Neden Egzersiz Yapmalıyız?
Yazar Yasemin Soytürk • Fizik Tedavi Uzmanı • 16 Ekim 2019 • Yorumlar:
İskelet kasının farklı fiziksel aktivitelerin bütün tiplerinin(örn; egzersiz, eğlence, mesleki ve diğerleri) ve günlük yaşama katılım ve sosyal yükümlülükleri başarılı bir şekilde yerine getirilmesindeki öneminin farkında olmak gerekir. Ayrıca iskelet kasları primer veya sekonder bir çok hastalıkta önemli rol oynar; iskelet kas fonksiyonu aktivite sınırlamalarının ve bozukluğun ulaştığı boyutun ve özelliklerinin tanımlanmasında da anahtardır.

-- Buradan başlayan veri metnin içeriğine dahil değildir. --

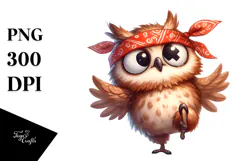 Expressive Owl with Bandana PNG Product Image 1
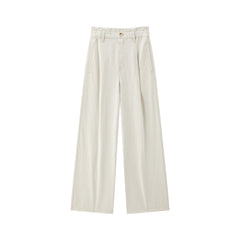 Women's loose-fitting wide-leg white jeans
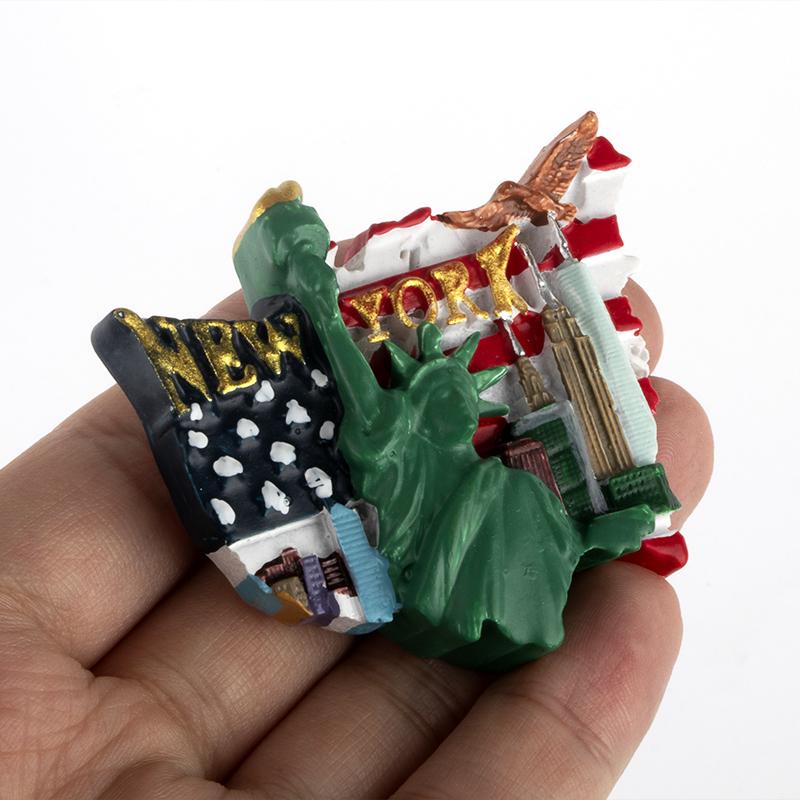 The United States 3d Refrigerator Sticker Travel Collection Souvenir New York Fridge Magnets Times Square Statue of Liberty Shap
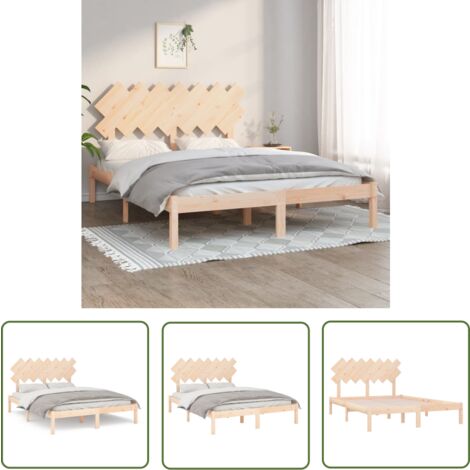 JINLEFU Cadre de lit 140x190 cm Bois massif - The Living Store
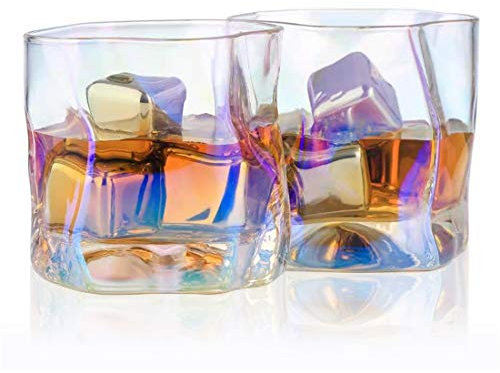 HLXFF3 Whiskygläser, 2er-Set, mit Schillernd, für Damen, bunt, mundgeblasen, bleifrei, Lowball-Kristallgläser, altmodische Glasbecher für Scotch, Rum, Bourbon, Geschenke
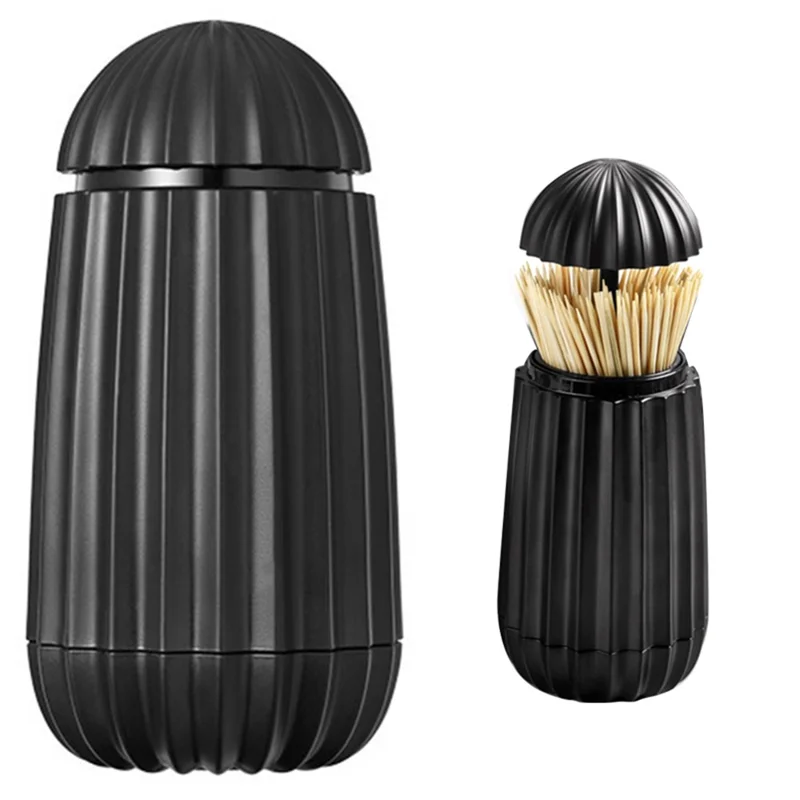 C1967 Cactus-shaped Automatic Toothpick Holder Case Toothpick Container Box for Home Restaurant Hotel - Black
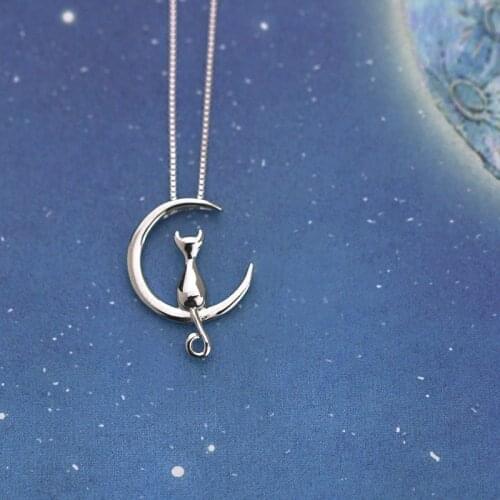 Bohemian Vintage Silver Color Moon Cat Necklaces For Women Long Choker Necklace Statement Christmas Jewelry Collares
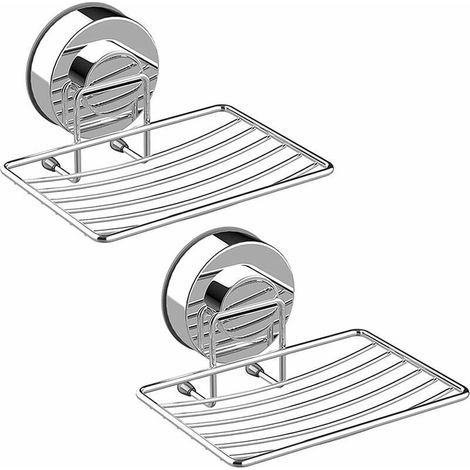 Porte-savon à ventouse adhésif, porte-éponge en acier inoxydable 304 durable pour salle de bain et cuisine, lot de 2 (1/5)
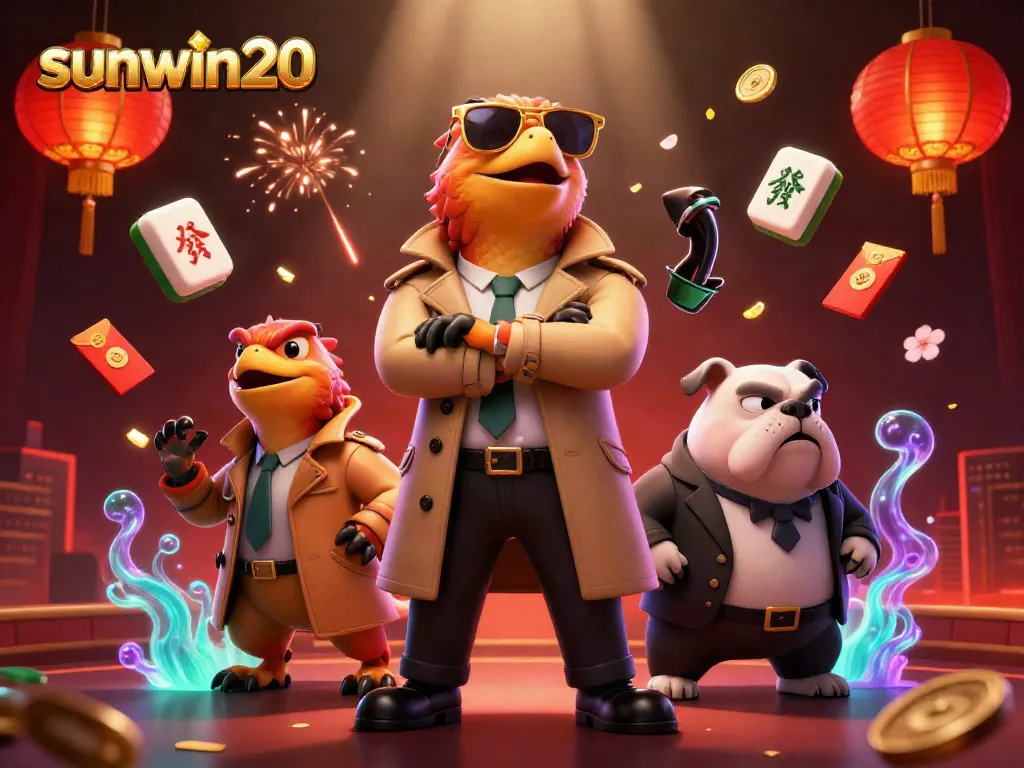 Experience the excitement of sunwin20 with raptors and casino fun in this vibrant illustration.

İnsan vücudunda yakalaşık 600 kasın ana fonksiyonu kimyasal enerjiyi (yağ ve karbonhidrat) mekanik enerjiye çevirmek ve dolayısıyla kuvvet yaratmaktır. Bu kuvvet, aktif kas liflerinden tendonlara yani kasların kemiklere bağlandığı noktalara aktarılır. Kemik üzerindeki tendonların hareketi de eklemlerde bir hareket oluşturur. Prensip olarak kuvvet oluşumu kısa sürede oluşabilir; bu, genel olarak kas kuvveti diye tarif edilen sonucu doğurur veya güç oluşumu bir süreye yayılabilir bu da kas dayanıklığı olarak ifade edilir. Klinik ortamda kısa süreli güç oluşturmadaki başarısızlık zayıflık olarak adlandırılırken, kuvvet uygulamadaki yetersizlik kas yorgunluğu olarak adlandırılır. İskelet kası total vücut kütlesinin %40-45’ini oluşturur ve total kas kütlesinin %55’i bacaklara dağılmıştır. Kas, total vücut proteinlerinin yaklaşık %50’sini barındırır. Kuvvet oluşumuna ek olarak iskelet kasları bazal metabolizmaya katkıda bulunur, temel sıcaklığı sağlamak için ısı üretir, kan şekerini düzenler, karbonhidratlar, lipid ve amino asitler için depo görevi görür, egzesiz boyunca enerji oluşumuna yardımcı olur ve iç organları korur.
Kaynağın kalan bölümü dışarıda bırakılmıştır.